Rees’ first interception, thrown late in the first half on a deep post, is the perfect example of a mistake you can live with. It’s not something you’ll congratulate a quarterback for, but it’s a shot worth taking late in the first half in a scenario when the Irish needed to push the ball down the field.

Same thing for Rees’ second interception, when Rees took a flea-flicker and fired over the top of a well covered Michael Floyd. (Memo to the staff: it might be time to holster that sidearm.) After eight games of getting chastised for underthrowing the Irish’s deep threat, Rees’ overthrow ended up in the arms of Josh Bush, but satisfied those that were convinced Tommy didn’t have the arm strength to throw the deep ball.

Rees did what sophomore quarterbacks do, nothing more, nothing less. His evening was good enough to win, but certainly shaky enough to keep naysayers busy picking apart his many mistakes. While the stats don’t look close to perfect, Rees did enough to lead his team to victory. In a game where style points don’t matter, Rees proved you can be awarded none and still lead your team to a win.
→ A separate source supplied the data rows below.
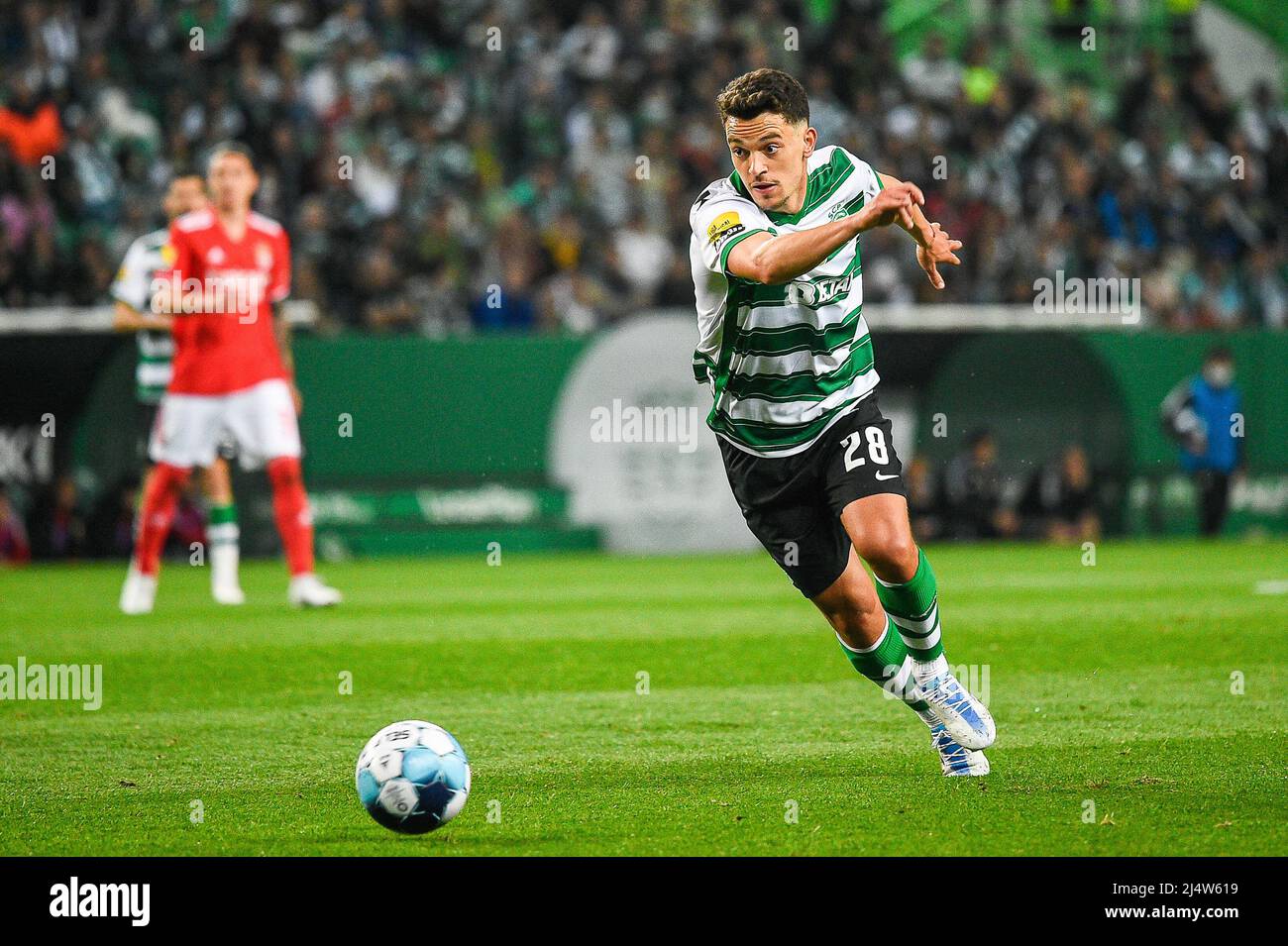 Pedro Goncalves Liga Portugal Game Sporting Vizela Estadio Jose Alvalade –  Stock Editorial Photo © mrogowski_photography #670811184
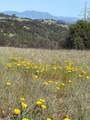 0 Wallace Creek Road - Photo 5
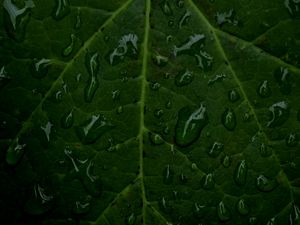 Preview wallpaper veins, leaf, drops, macro, water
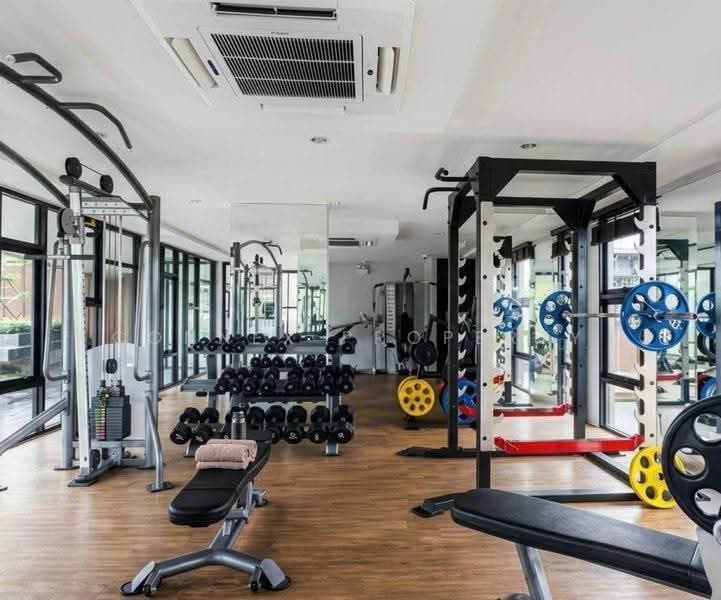 6th Avenue Surin : 6 อเวนิว สุรินทร์, ภูเก็ต, เชิงทะเล, ถลาง, ภูเก็ต, 36 ตร.ม., คอนโด ขาย, โดย Connex Property, 500620534 - DDproperty.com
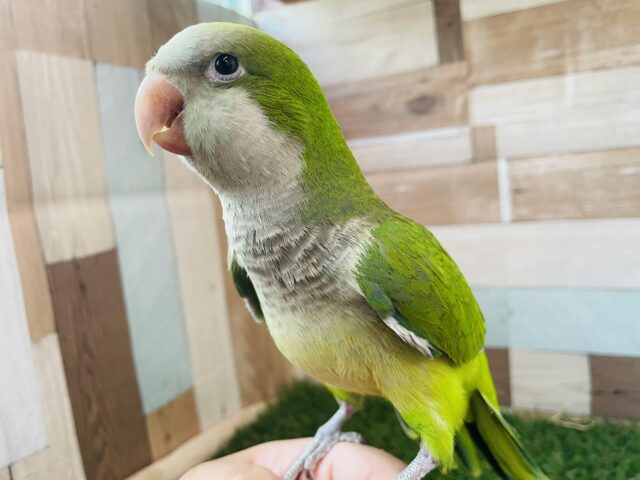 オキナインコ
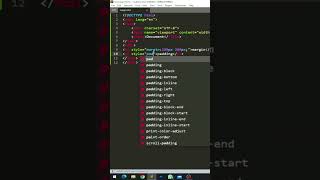 How to Use Margin and Padding in CSS Like a Pro  #shorts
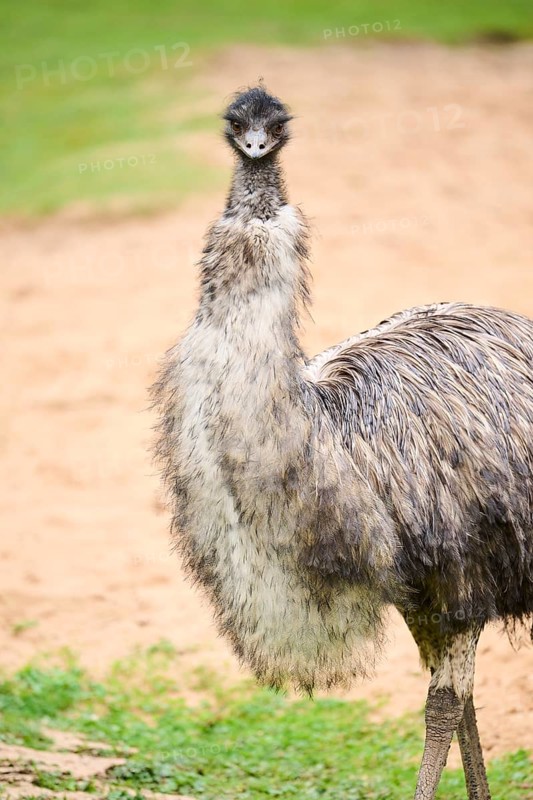 Common ostrich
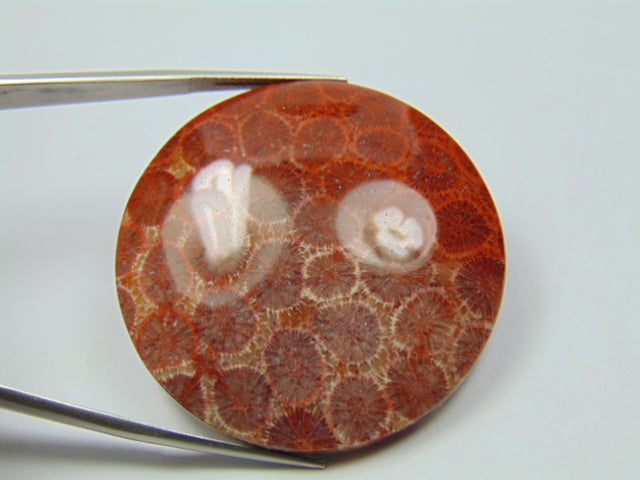 94.20ct Petoskey Stone 40mm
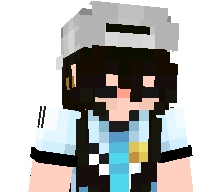 arixdjk's skin
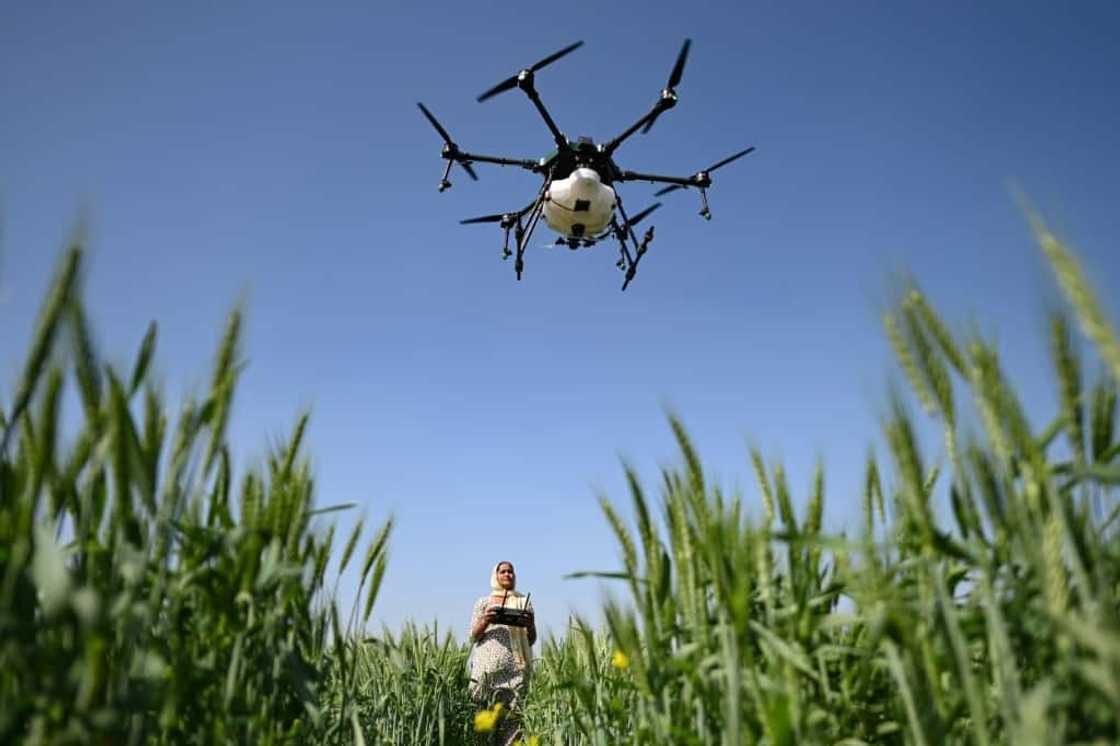 Sharmila Yadav, a remote pilot trained under the "Drone Sister" programme, operates a drone spraying liquid fertiliser over a farm in Pataudi, India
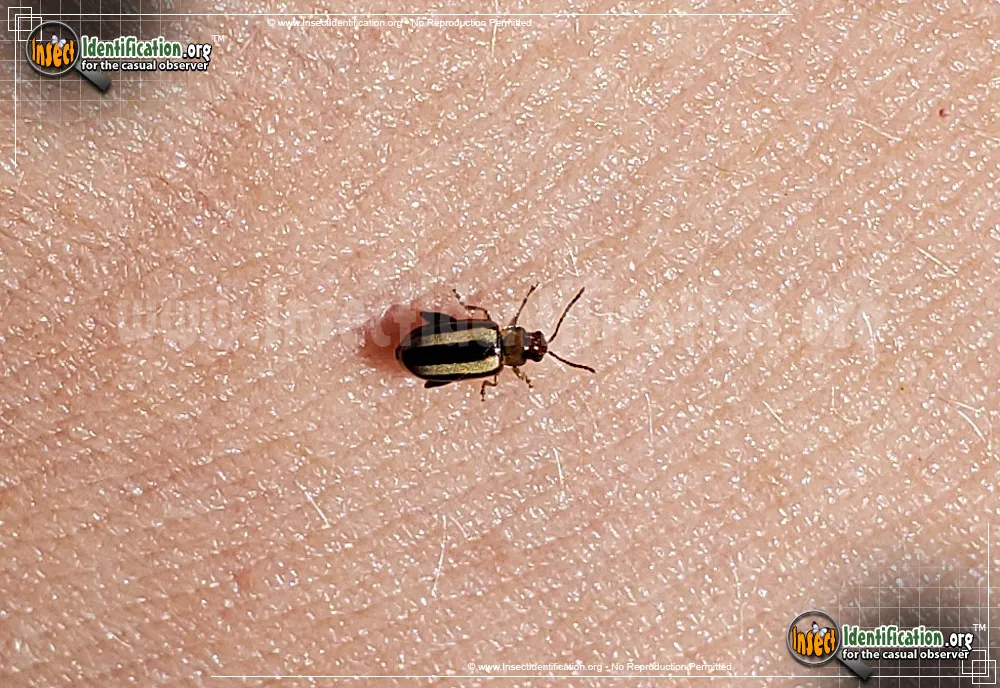 Palestriped Flea Beetle - photo 3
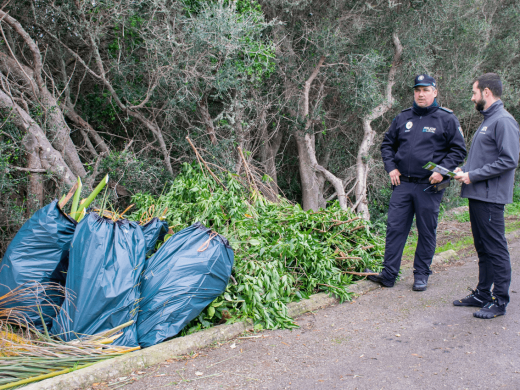 (Fotos) Es Castell y Maó intensifican esfuerzos contra el abandono indebido de restos vegetales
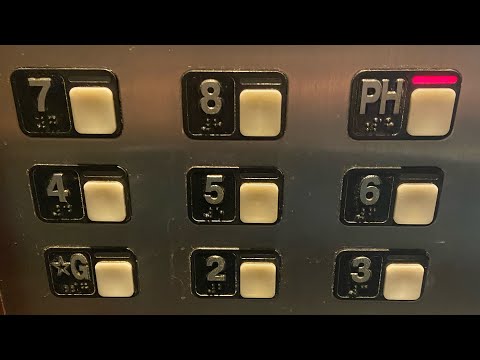 9 STORY LONG BAR MT!! Schindler 700A Traction Elevators @ 5201 Blue Lagoon Dr, Miami, FL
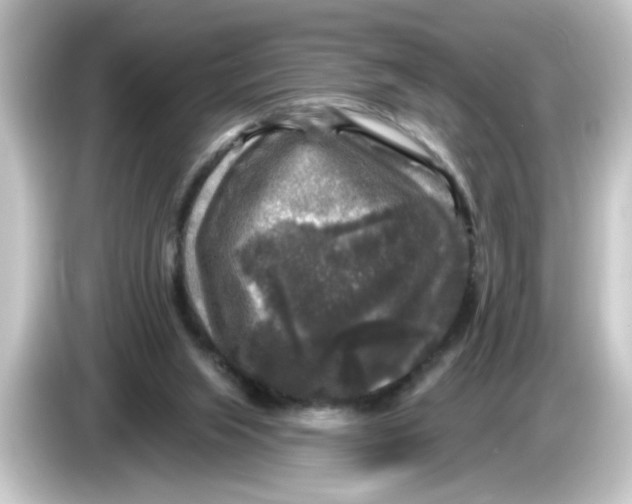 X0000084560063200703161712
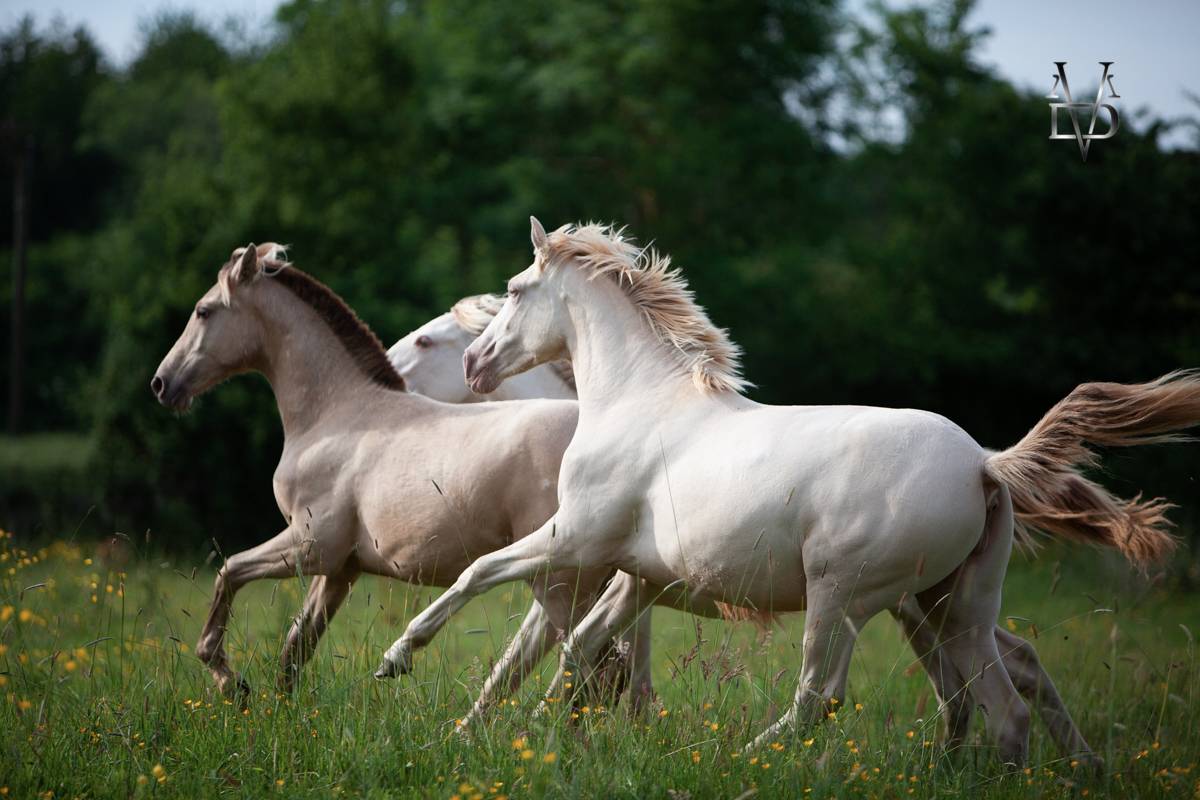 Filly PRE Pure Spanish Bred For sale 2024 Cream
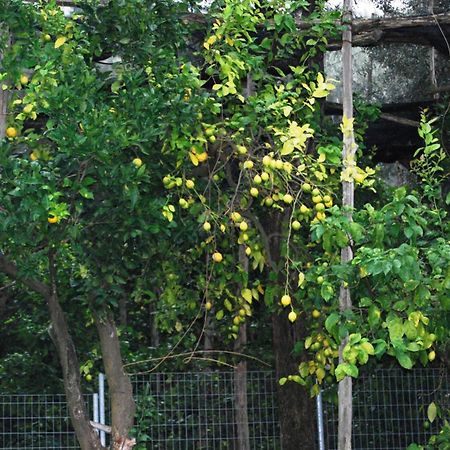 Sorrento Studios Lemons Hill Bilik gambar
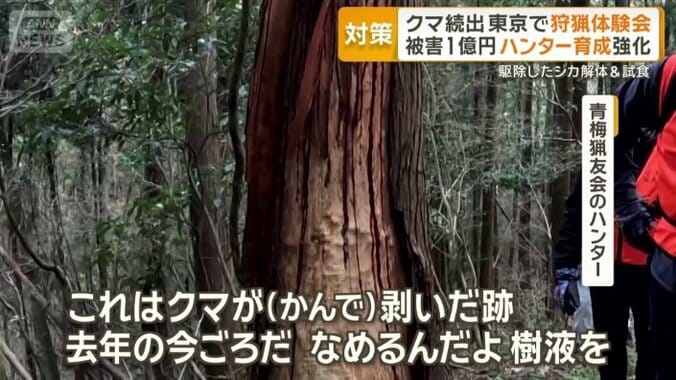 クマがかんで剥いだ跡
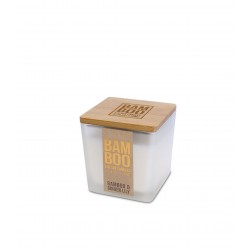Bambou gingembre-lys pm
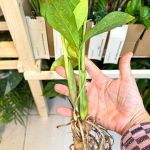 Замиокулькас EMPEROR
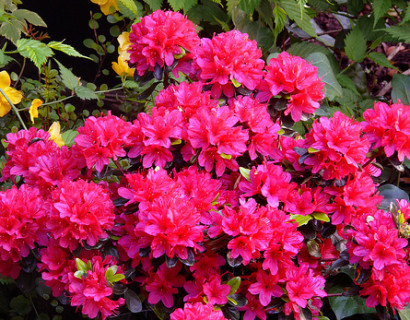 Azalea japonica ‘Hino Crimson’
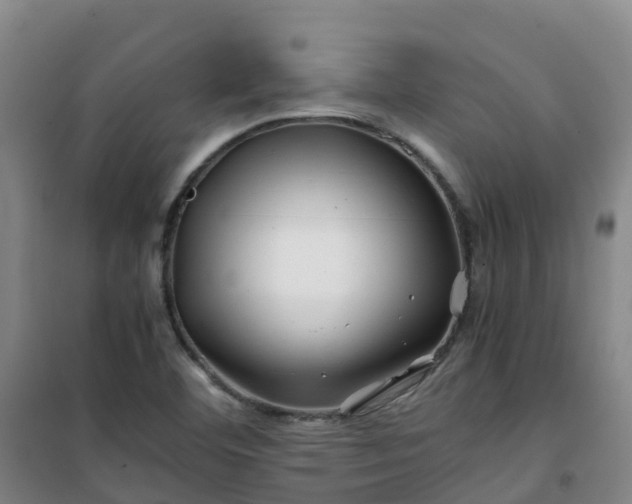 X0000101171460200807111041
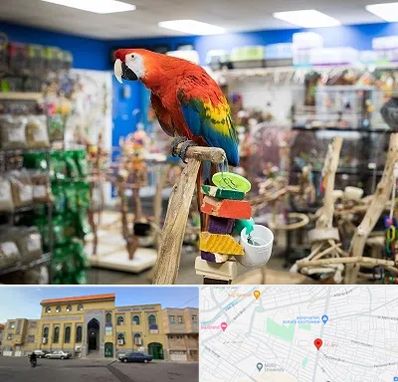 فروشگاه لوازم پرندگان در زنبیل آباد قم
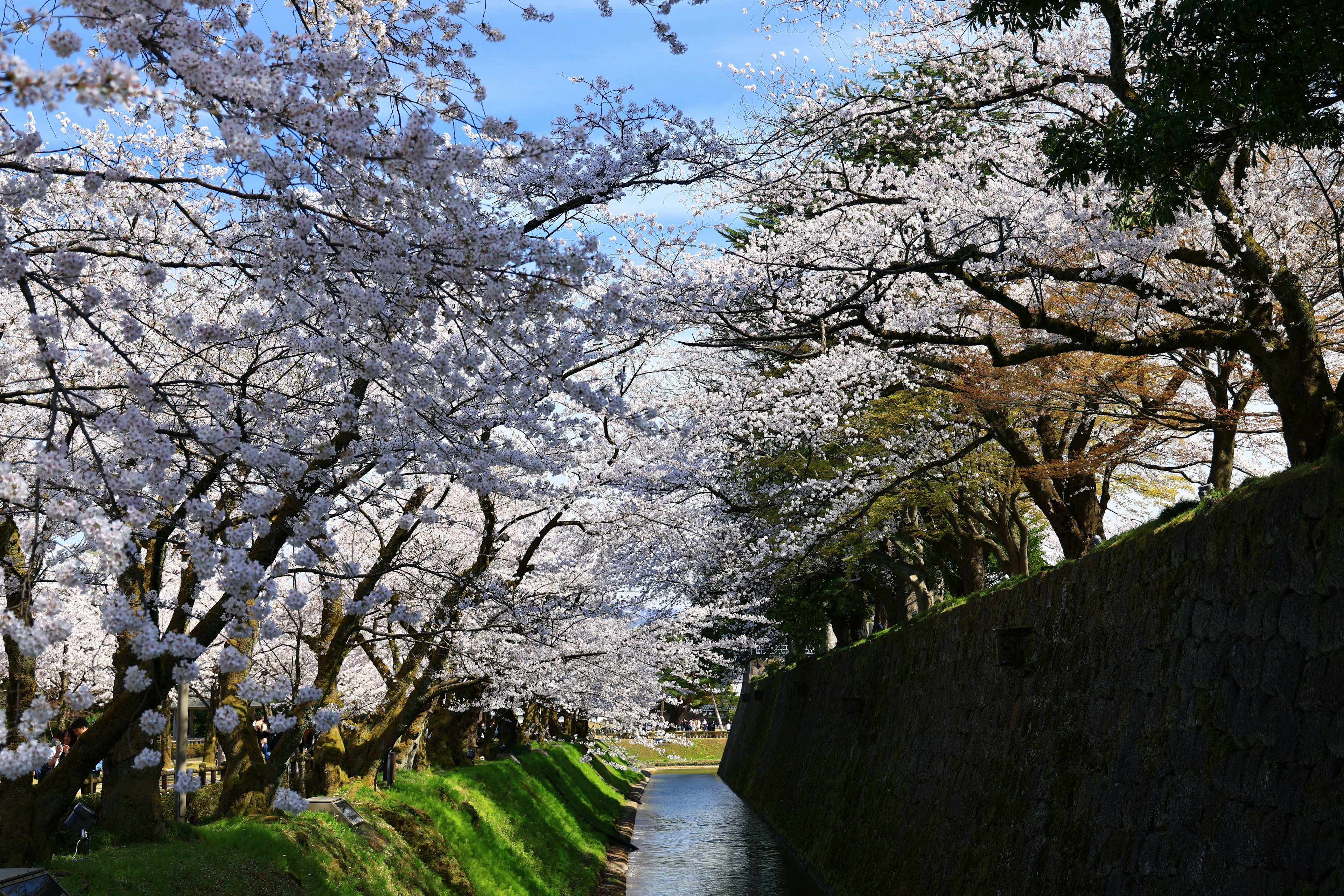 Vista panoramica di alberi di ciliegio in fiore lungo un fiume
After getting beat on the ground against USC, the Irish pay it forward against the Demon Deacons.

Just two weeks after USC decided to impose their will on the Irish defense, the Irish paid the gesture forward, using Cierre Wood and Jonas Gray to end the football game on the ground.

At Notre Dame Stadium, Curtis McNeal ran the ball ten straight times to ice the Trojans victory against Notre Dame. In BB&T Stadium, the Irish decided to run Wood and Gray seven times, before Rees took a knee and ended the ball game after crossing into Wake Forest’s territory. The effort was far from impressive, but it was exactly what the Irish needed late in the game to ice the victory and goes to show just how far Ed Warinner‘s offensive line has come.

It may feel like years ago, but it was the offensive lines’ inability to get critical third downs that cost the Irish against Michigan early in the season, keeping the Wolverines in the ballgame until they mounted their comeback. Now the Irish front — short center Cave — iced a victory when everybody in the stadium knew the run was coming. (Take that, spread offense haters.)

Cave’s injury adds more than a few question marks to the offensive line. But Mike Golic’s ability to slide in and keep the Irish attack moving shows just how successful Warinner’s troops have been.

“There’s a trajectory you want to be on,” Kelly said. “When you go on the road you want to play the kind of football that allows you to win consistently. That is closing games out.”

Let’s hear it for the boys.

There’s no denying it. It was an ugly victory. But sometimes, that’s just what the doctor ordered. With Manti Te’o hobbled for most of the game and the Irish offense far from hitting on all cylinders, Notre Dame bullied their way to a November victory, something that just didn’t happen under Charlie Weis.

“We’ve got a lot of guys banged up,” Kelly said. Listen, it’s November, there’s gonna be some guys that come to practice Tuestday not full speed. These guys are tough, they’re gritty and they’ll answer the bell.”

Kelly was even combative when challenged about his offense’s modest output.

“Is there a negative to everything? We just won a football game on the road,” Kelly said to a inquisitive reporter. “Really, what kind of question is that? Really, what do you want me to say? What’s the answer. We won 24-17 against a good football team and you want to know what’s wrong with the passing game. You know what’s wrong with it? The coach doesn’t call good plays. How’s that? There’s nothing wrong with it. We’re fine. We just won a good game.”

The Irish won not because of stars like Te’o or Michael Floyd (who did have a nice touchdown catch), but because of underclassmen like Stephon Tuitt and linebacker Danny Fox, who filled in admirably at Mike linebacker. With the Irish down at halftime, the coaching staff made some shrewd adjustments that flipped the game with a 14-0 third quarter, enough for Notre Dame to hang on.

After impressing gambling aficionados and computer polls with their impressive statistical outputs all season, the Irish took a step backwards in the stat ledger while moving a big step forward in the win column. It’s a trade Kelly and the Irish will take every week.